A husband and father of two children, Lawrence Davidson is a US Army veteran who served in Operation Iraqi Freedom. Since leaving the military in 2008, he’s directed his personal, professional, and academic pursuits toward understanding, serving, and building the veteran community. He has worked with Warrior Writers for five years, and conducted a qualitative exploration of participation in Warrior Writers for his Masters of Social Work capstone research. Davidson recently started a writing group at the Chester County Prison for incarcerated veterans, using Warrior Writers materials and methods.

“If I join, I am a killer, a mindless sheep, without options, a mongerer of war / If I voice protest, I am weak, soft, lacking the guts required, embodying the soft underbelly of a privileged society / If I seek to help, aid, educate, I am a prophet of the White Man’s Burden, lacking nuance / If I build walls, I am shortsighted, simple, a bigot / Just get comfy avoiding the burden of the fray, watch the birds game, Netflix, Hulu / Head to the shore.”
— Lawrence Davison's Poetry




“The America I Want to Live In”: Curator Elizabeth Thomas on Radio Silence

JUNE 27, 2017

We’re counting down to the launch of Radio Silence on July 29 with curator Elizabeth Thomas, who’s worked with artist Michael Rakowitz on this project for more than three years. Part performance, part radio show, Radio Silence takes on the unspoken experience of the Iraqi diaspora, creating a soundscape woven from refugee and veteran stories that will unfold over the public airwaves this fall.
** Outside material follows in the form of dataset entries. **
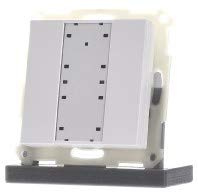 KNX RF+Funk Tast.2-f.Plus m.Akt.reinwsma MDT RF-TA55A2.01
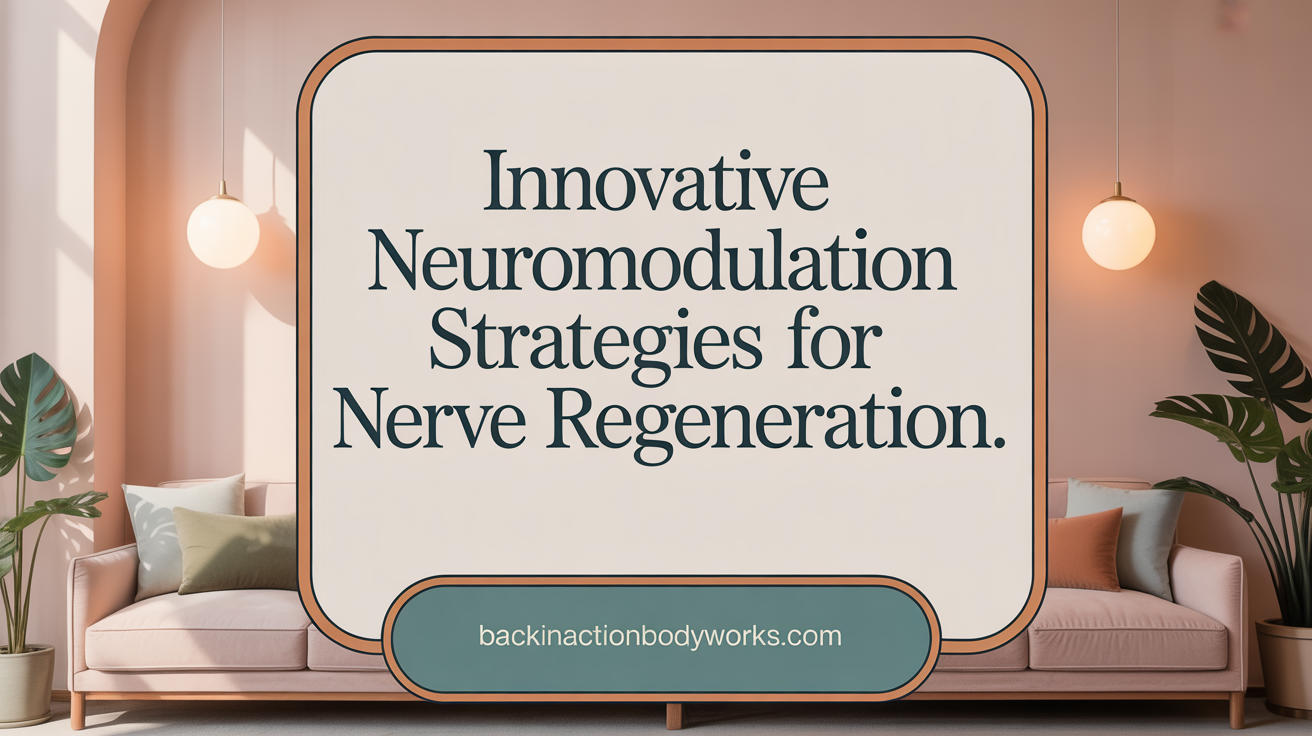 Innovative Neuromodulation Strategies for Nerve Regeneration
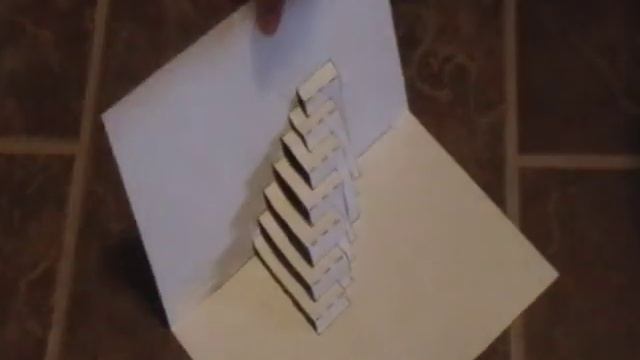 Revealed: Impossible paper trick and 3-d origami trick REVEALED смотреть онлайн
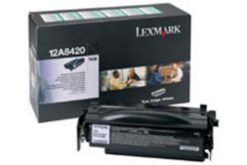Toner LEXMARK 12A8420 T430 - Noir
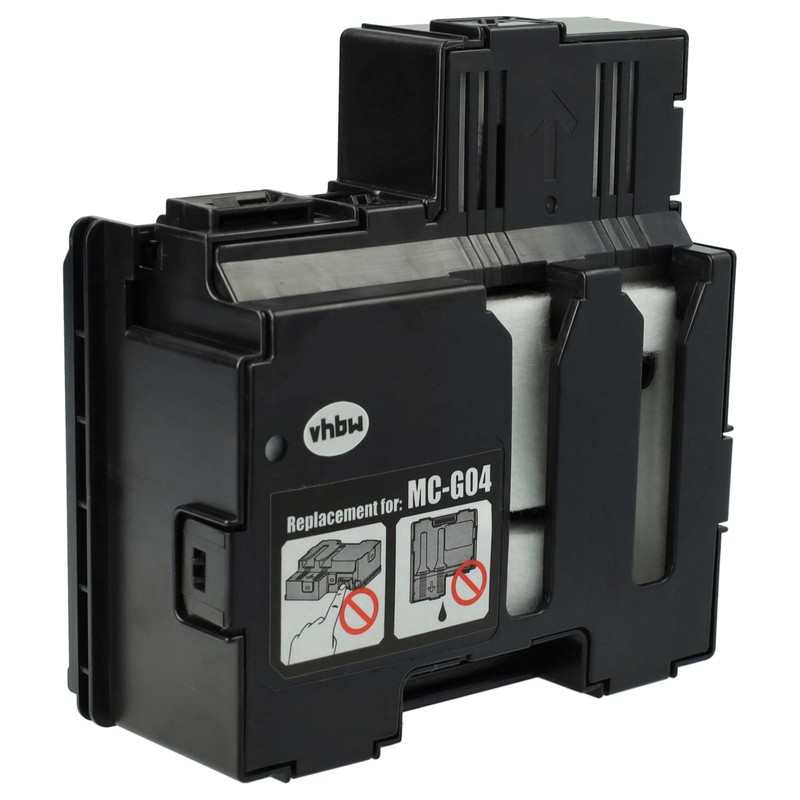vhbw Remaining Ink Container Compatible with Canon Pixma G3572, G3571,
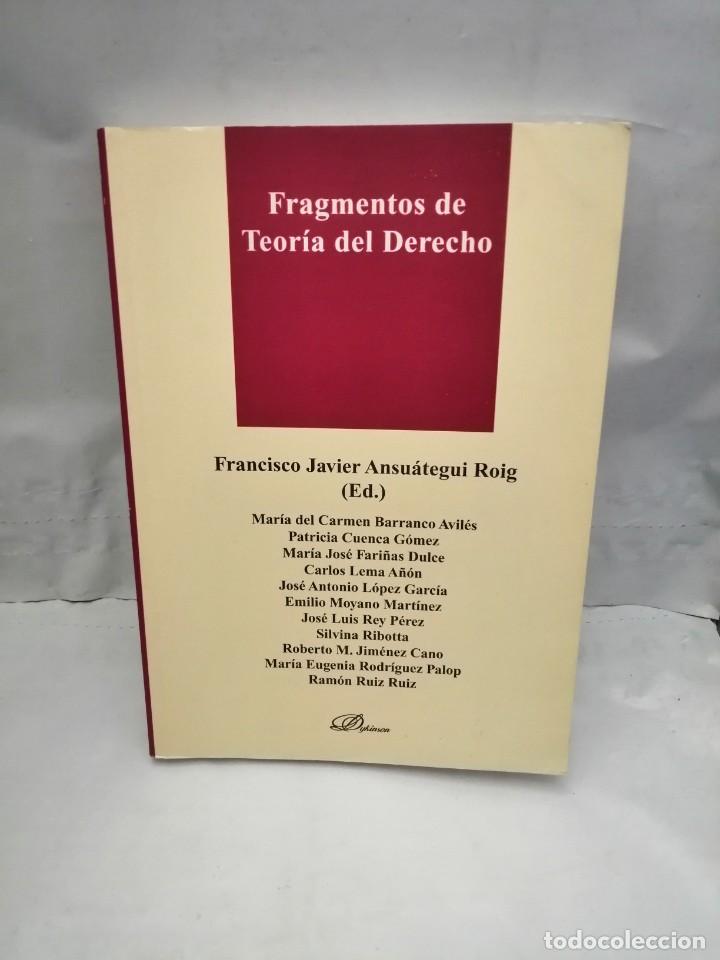 Libros de segunda mano: FRAGMENTOS DE TEOR&Iacute;A DEL DERECHO - Foto 1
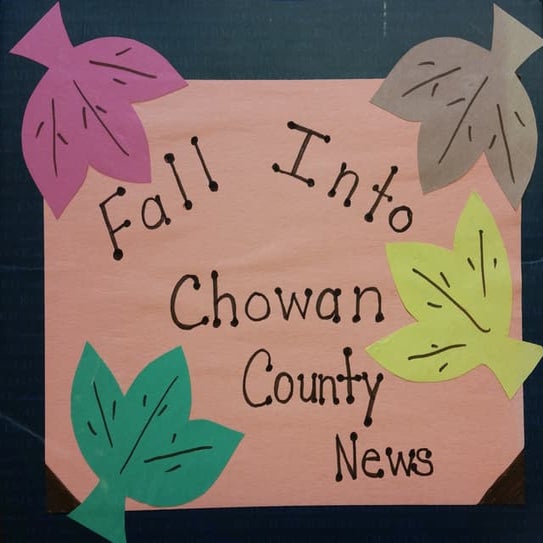 YouthVoice 2015 report: Tour of Chowan County Administrative Building and newspaper clippings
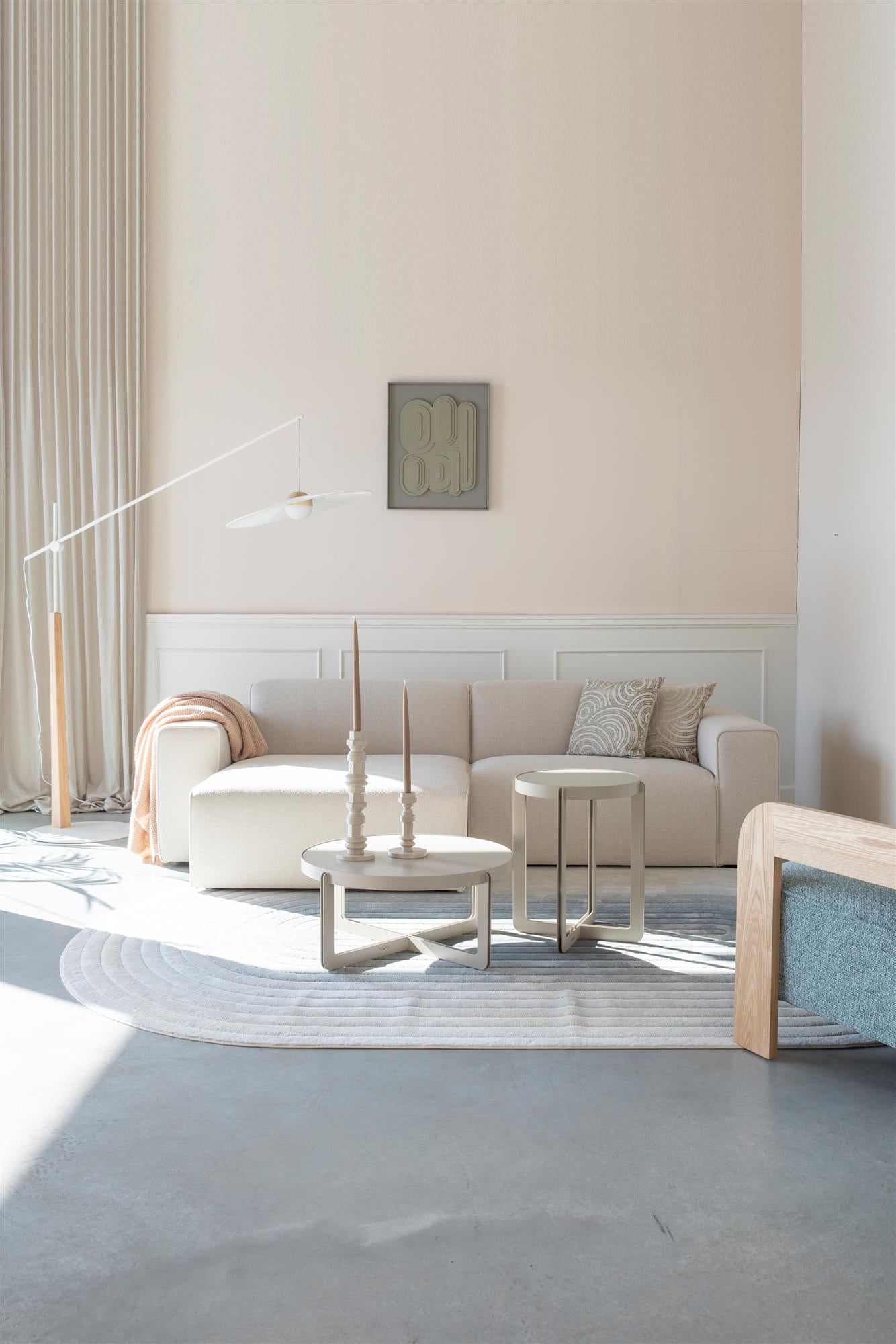 Sofa Sofia 3-seater Left Sand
Could you talk a little bit about how this project has evolved since its conception?

We invited Michael Rakowitz to Philadelphia knowing of his ongoing work with Iraq War veterans and Iraqi refugees—collaborators that mirror the kinds of community participants at the core of the Mural Arts mission, and match its history of making public art. We knew from the beginning that Michael wouldn’t make work in the form of a mural, but other than that we left the possibilities completely open.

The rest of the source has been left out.